■ Instructions to follow ■
Using the material below, count the lines that contain the word "with" and report the number only.

■ Data ■
━━━━━━━━━━━━━━━━

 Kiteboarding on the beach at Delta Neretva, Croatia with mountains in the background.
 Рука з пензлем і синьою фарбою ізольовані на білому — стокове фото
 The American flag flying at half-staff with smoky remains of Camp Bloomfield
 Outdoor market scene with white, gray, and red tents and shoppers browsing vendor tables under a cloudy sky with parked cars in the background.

━━━━━━━━━━━━━━━━

■ Answer area ■
3